#### WORKING DATA:
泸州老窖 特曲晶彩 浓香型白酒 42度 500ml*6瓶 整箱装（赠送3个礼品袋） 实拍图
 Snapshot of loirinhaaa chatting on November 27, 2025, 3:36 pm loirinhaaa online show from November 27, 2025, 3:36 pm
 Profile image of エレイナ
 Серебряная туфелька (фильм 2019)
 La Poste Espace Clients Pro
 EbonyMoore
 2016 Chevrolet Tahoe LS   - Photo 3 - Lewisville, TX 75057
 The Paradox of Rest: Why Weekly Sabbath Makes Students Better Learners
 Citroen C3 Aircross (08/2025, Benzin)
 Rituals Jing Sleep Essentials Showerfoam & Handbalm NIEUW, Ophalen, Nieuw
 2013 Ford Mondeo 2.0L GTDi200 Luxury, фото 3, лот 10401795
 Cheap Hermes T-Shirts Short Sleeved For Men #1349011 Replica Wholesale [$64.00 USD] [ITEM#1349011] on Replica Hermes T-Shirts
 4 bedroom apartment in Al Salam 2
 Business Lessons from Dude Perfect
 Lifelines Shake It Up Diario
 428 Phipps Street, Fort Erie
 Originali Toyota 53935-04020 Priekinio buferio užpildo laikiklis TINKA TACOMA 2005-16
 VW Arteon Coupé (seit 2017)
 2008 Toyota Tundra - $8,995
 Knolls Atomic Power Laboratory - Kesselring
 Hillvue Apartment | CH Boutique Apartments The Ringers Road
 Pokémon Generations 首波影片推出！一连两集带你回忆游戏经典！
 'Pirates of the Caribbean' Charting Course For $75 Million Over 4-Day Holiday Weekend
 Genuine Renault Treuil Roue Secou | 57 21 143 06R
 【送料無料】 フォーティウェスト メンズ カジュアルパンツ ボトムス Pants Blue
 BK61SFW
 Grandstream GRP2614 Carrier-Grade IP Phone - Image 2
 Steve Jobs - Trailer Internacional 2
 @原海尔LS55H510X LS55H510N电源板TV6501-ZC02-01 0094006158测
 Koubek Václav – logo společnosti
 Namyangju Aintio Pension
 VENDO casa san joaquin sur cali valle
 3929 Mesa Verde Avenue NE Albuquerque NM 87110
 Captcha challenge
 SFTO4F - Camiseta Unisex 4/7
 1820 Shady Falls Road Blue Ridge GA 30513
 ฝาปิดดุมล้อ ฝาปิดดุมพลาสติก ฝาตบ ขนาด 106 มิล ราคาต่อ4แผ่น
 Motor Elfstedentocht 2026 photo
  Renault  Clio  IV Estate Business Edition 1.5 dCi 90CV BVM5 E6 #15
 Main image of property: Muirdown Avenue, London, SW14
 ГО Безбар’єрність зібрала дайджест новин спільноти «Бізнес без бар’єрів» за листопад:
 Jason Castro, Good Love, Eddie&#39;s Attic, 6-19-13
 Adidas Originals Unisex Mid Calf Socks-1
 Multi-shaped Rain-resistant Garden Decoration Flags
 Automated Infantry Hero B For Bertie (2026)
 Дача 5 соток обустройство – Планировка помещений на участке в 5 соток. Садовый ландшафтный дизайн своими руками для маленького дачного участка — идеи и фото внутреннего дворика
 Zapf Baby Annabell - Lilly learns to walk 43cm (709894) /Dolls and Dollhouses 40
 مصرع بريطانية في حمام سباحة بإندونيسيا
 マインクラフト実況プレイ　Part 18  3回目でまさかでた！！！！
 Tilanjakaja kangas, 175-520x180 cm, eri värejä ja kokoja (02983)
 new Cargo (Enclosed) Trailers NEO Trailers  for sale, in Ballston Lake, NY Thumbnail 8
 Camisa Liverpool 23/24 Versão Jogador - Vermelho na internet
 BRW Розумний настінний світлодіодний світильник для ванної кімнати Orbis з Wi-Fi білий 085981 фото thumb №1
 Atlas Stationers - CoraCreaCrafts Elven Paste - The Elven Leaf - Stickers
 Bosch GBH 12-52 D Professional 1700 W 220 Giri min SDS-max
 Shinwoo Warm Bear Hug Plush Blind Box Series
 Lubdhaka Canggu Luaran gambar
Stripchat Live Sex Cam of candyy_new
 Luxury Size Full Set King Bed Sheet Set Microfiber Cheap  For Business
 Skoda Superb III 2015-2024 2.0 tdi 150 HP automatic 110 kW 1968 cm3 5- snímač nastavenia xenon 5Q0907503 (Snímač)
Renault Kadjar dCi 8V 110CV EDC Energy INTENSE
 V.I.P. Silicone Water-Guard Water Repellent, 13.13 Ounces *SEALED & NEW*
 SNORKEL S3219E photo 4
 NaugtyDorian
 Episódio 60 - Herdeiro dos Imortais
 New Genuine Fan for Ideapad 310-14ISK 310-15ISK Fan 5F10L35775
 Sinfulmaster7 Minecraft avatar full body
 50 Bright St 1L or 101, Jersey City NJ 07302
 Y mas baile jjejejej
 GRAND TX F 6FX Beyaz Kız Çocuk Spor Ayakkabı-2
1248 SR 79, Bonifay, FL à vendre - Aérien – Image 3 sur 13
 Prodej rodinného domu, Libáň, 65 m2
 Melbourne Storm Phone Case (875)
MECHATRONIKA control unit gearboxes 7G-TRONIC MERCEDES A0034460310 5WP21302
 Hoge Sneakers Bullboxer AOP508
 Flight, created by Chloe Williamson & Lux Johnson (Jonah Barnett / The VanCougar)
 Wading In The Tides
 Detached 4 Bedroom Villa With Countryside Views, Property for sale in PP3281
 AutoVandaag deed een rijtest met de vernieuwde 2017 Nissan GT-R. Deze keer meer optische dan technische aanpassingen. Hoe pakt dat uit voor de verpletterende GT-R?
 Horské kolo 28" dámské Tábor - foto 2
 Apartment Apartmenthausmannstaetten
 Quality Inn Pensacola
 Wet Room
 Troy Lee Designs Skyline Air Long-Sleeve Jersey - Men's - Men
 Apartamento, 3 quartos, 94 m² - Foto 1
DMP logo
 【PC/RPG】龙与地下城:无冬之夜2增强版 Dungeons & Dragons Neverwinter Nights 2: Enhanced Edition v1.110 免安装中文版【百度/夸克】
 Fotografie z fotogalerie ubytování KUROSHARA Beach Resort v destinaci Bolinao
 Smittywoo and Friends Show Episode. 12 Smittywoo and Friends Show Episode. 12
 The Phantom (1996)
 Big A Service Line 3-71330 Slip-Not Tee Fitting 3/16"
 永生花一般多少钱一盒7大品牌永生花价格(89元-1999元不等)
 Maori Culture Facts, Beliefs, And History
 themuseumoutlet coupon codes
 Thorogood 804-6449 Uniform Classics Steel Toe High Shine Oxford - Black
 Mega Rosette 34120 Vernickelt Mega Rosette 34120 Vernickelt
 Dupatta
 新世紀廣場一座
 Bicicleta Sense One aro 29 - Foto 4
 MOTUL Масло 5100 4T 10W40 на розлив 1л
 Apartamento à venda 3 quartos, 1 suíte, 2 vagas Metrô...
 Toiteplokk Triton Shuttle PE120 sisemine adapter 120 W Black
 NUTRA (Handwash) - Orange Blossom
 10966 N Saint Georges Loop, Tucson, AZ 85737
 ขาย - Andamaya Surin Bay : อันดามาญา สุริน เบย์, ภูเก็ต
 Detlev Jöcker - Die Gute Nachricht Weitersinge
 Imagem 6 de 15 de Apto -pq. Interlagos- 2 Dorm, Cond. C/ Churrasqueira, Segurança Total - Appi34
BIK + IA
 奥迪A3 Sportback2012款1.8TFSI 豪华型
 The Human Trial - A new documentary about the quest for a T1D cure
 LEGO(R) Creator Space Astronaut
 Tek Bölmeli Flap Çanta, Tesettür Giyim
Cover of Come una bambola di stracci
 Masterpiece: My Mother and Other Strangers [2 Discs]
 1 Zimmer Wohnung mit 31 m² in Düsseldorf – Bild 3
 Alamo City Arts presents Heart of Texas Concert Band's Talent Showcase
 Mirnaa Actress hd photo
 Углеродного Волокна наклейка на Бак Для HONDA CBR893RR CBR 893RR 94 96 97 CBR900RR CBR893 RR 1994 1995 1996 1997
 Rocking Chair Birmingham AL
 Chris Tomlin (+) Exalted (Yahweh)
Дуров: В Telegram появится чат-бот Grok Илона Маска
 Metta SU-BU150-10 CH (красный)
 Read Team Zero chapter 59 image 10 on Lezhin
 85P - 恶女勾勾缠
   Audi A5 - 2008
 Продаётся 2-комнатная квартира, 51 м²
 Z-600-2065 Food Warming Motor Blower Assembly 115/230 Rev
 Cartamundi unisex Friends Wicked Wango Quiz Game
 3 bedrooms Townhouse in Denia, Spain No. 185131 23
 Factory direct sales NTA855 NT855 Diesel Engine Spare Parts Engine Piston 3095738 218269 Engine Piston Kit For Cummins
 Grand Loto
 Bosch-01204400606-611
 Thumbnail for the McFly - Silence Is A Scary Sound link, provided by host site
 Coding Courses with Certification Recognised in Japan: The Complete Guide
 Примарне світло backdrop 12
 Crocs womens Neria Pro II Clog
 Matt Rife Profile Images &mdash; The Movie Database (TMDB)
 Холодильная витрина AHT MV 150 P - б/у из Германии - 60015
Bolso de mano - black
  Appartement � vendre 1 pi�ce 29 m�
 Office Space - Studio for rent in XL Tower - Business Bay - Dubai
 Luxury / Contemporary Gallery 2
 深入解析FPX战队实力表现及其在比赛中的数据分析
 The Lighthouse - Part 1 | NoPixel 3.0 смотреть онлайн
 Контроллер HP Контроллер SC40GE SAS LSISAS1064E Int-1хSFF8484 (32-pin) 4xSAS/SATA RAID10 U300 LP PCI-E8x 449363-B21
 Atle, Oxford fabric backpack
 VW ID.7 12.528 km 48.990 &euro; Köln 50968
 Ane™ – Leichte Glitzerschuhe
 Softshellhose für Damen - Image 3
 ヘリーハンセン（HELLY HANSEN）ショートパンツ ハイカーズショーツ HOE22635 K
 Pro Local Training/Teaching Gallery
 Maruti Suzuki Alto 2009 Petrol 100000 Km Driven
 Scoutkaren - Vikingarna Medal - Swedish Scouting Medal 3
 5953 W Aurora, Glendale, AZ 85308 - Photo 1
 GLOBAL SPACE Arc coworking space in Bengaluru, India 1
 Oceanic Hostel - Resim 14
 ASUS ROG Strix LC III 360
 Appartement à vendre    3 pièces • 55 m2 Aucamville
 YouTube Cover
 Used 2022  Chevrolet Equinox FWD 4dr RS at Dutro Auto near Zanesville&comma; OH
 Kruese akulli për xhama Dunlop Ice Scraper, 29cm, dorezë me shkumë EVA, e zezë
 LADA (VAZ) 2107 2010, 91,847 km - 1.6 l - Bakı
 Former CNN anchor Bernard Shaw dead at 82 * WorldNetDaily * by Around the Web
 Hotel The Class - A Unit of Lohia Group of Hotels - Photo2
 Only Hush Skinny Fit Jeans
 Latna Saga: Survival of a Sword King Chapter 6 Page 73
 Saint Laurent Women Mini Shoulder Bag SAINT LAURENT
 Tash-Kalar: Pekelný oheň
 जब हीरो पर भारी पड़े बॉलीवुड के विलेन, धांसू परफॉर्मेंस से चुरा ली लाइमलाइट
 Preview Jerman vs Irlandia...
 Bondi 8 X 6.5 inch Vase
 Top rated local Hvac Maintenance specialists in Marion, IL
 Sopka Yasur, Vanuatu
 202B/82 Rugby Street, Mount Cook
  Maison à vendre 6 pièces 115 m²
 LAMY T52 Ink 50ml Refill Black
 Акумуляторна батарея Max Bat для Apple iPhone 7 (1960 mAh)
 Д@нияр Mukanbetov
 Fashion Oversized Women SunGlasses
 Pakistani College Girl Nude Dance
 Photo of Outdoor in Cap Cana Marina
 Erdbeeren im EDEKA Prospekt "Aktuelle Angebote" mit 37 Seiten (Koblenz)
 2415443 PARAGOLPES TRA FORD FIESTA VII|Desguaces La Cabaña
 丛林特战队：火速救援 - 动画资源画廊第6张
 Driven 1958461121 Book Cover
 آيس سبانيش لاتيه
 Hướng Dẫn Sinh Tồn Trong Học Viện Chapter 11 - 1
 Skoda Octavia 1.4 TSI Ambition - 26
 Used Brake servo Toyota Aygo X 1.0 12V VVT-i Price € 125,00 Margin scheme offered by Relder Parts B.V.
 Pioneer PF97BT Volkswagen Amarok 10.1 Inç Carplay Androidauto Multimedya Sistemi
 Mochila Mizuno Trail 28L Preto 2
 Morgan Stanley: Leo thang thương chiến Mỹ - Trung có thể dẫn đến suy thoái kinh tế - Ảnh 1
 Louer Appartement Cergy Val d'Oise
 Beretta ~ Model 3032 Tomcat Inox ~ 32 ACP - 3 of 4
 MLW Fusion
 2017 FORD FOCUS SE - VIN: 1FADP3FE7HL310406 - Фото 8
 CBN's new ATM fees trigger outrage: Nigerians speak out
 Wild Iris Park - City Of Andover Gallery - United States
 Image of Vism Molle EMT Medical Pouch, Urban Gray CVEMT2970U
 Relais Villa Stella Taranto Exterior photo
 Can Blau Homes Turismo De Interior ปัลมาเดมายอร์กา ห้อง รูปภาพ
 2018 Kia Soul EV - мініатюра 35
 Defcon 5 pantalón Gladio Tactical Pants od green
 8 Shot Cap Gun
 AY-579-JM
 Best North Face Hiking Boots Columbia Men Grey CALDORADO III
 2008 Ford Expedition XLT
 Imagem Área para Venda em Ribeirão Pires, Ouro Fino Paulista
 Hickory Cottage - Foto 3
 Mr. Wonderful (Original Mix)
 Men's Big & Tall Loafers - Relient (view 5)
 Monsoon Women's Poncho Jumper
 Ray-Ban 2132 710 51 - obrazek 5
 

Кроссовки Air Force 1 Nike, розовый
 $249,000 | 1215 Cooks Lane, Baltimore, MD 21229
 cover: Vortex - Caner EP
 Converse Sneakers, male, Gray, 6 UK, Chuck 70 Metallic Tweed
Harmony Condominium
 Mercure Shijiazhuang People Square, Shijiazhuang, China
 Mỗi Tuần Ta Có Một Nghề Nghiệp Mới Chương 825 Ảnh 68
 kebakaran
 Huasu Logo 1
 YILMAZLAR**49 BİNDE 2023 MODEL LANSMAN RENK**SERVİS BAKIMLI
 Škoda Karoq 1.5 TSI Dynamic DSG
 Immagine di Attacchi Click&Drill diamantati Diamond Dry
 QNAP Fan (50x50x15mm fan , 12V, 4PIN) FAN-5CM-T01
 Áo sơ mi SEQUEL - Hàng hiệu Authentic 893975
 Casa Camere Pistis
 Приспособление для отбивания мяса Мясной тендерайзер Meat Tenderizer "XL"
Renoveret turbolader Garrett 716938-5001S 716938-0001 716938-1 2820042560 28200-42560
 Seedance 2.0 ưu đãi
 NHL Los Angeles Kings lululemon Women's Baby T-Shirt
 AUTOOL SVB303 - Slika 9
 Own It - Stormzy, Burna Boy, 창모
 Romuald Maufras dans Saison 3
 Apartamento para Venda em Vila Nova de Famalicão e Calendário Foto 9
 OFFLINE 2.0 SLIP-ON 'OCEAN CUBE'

#### THE TASK:
Scan the listing above for the line that has "Pro Local Training/Teaching Gallery", then copy exactly from that line through the line that has "Saint Laurent Women".

#### ANSWER FOR THE TASK:
 Pro Local Training/Teaching Gallery
 Maruti Suzuki Alto 2009 Petrol 100000 Km Driven
 Scoutkaren - Vikingarna Medal - Swedish Scouting Medal 3
 5953 W Aurora, Glendale, AZ 85308 - Photo 1
 GLOBAL SPACE Arc coworking space in Bengaluru, India 1
 Oceanic Hostel - Resim 14
 ASUS ROG Strix LC III 360
 Appartement à vendre    3 pièces • 55 m2 Aucamville
 YouTube Cover
 Used 2022  Chevrolet Equinox FWD 4dr RS at Dutro Auto near Zanesville&comma; OH
 Kruese akulli për xhama Dunlop Ice Scraper, 29cm, dorezë me shkumë EVA, e zezë
 LADA (VAZ) 2107 2010, 91,847 km - 1.6 l - Bakı
 Former CNN anchor Bernard Shaw dead at 82 * WorldNetDaily * by Around the Web
 Hotel The Class - A Unit of Lohia Group of Hotels - Photo2
 Only Hush Skinny Fit Jeans
 Latna Saga: Survival of a Sword King Chapter 6 Page 73
 Saint Laurent Women Mini Shoulder Bag SAINT LAURENT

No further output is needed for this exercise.